Kevin Durant-Steve Nash bond formed before Warriors days appears broken with Nets

Kevin Durant wants out of Brooklyn, or at least he wants a fresh start.|

Kevin Durant wants out of Brooklyn, or at least he wants a fresh start.

That was the message he reportedly delivered to Nets owner Joe Tsai in a weekend meeting in London, according to The Athletic’s Shams Charania.

Durant has amended his late-June trade request to include the possibility that he’d consider staying with the Nets if general manager Sean Marks and head coach Steve Nash are fired, Charania reported Monday.

If you’ll recall, Durant and Kyrie Irving were reported to be strong voices in the Nets’ ouster of former head coach Kenny Atkinson midway through their first year in Brooklyn, even as they played a combined 20 games that season while Durant recovered from a torn Achilles.

Nash, a former star teammate of Marks in Phoenix, appeared to be a hire endorsed by Durant, given their relationship that extends back to the end of Nash’s playing career. That was before Nash, as a Warriors special adviser, helped Durant come to the decision to leave Oklahoma City for Golden State in 2016. (Tim Kawakami delved deep into that phone call and the relationship for this publication.)

But things in Brooklyn have not gone according to plan, from Irving’s irregular availability (for one reason or another) to the failed trade for James Harden, which gutted the team’s depth behind Durant and Irving only for Harden to decrease in value before he requested and was granted his own trade.

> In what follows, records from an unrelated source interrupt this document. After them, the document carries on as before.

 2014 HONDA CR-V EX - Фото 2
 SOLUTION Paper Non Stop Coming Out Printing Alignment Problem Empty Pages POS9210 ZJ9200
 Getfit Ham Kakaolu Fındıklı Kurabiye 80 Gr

It’s hard to find an appropriate trade partner in a Durant deal, because any team must have enough:

1. Assets to compensate Brooklyn for one of the greatest scorers of all time, on a four-year contract;

2. Core players left after a trade to meet Durant’s desire to compete for a title;

3. Faith that Durant will report to the team and won’t ask out if there is a rough stretch.

Reading the tea leaves, Durant’s concession that he’d stay if the Marks-Nash duo were gone may indicate just how tough it’s been for the Nets to find an agreeable deal. That search became harder after the Suns (reportedly Durant’s preferred destination) lost the ability to sign-and-trade Deandre Ayton when Ayton signed an offer sheet with the Pacers.

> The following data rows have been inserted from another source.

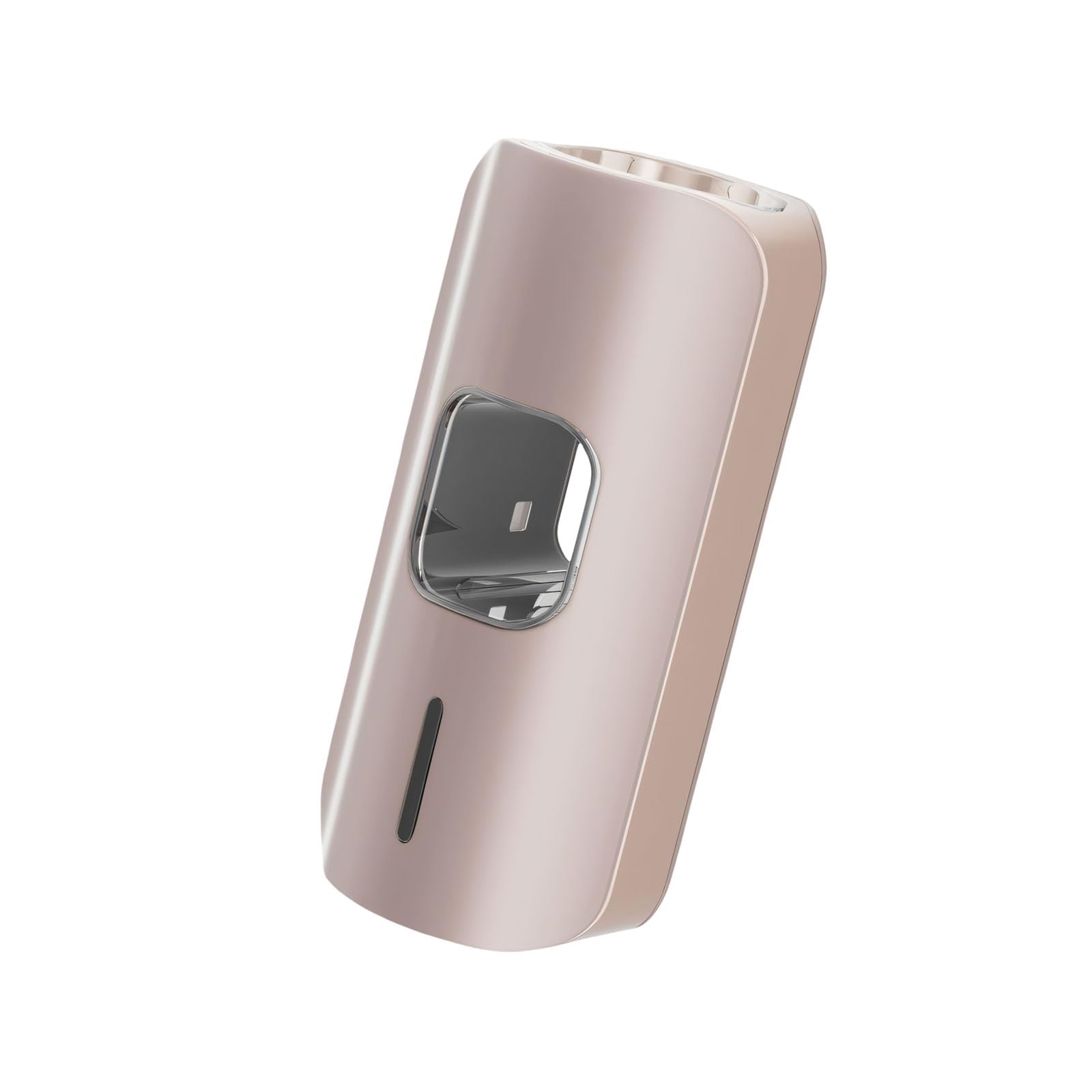 Distributeur de dentifrice automatique en silicone amovible pour salle de bains moderne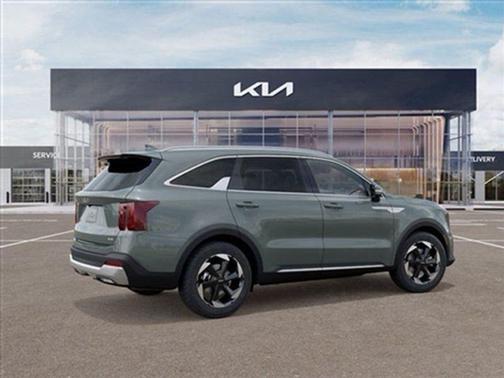 2025 Kia Sorento Hybrid SX Prestige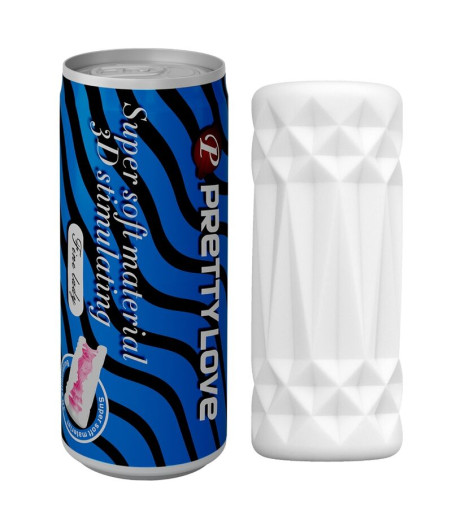 PRETTY LOVE - STIMOLATORE 3D CAN MODELLO 2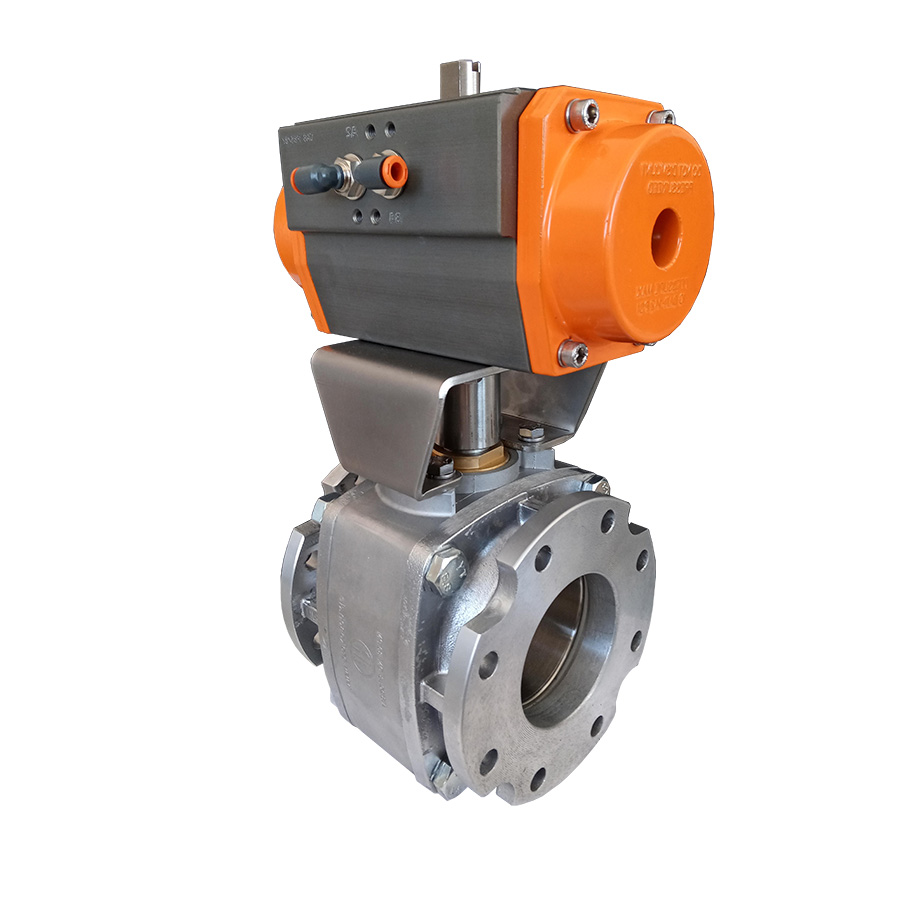 BALL VALVES WITH TW FLANGE PROKOSCH – airportcomponents.com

Or perhaps it could be a sign that Durant doesn’t think the current regime is working hard enough to find a partner to get him out of town, and a new general manager might be more likely to get the job done.

Whatever the case, Durant has gone from trusting Nash to help him make the biggest decision in his career to requesting Nash (and Marks) be fired. It’s clear something has soured in the relationship since the days when they would work out after Warriors practice sessions.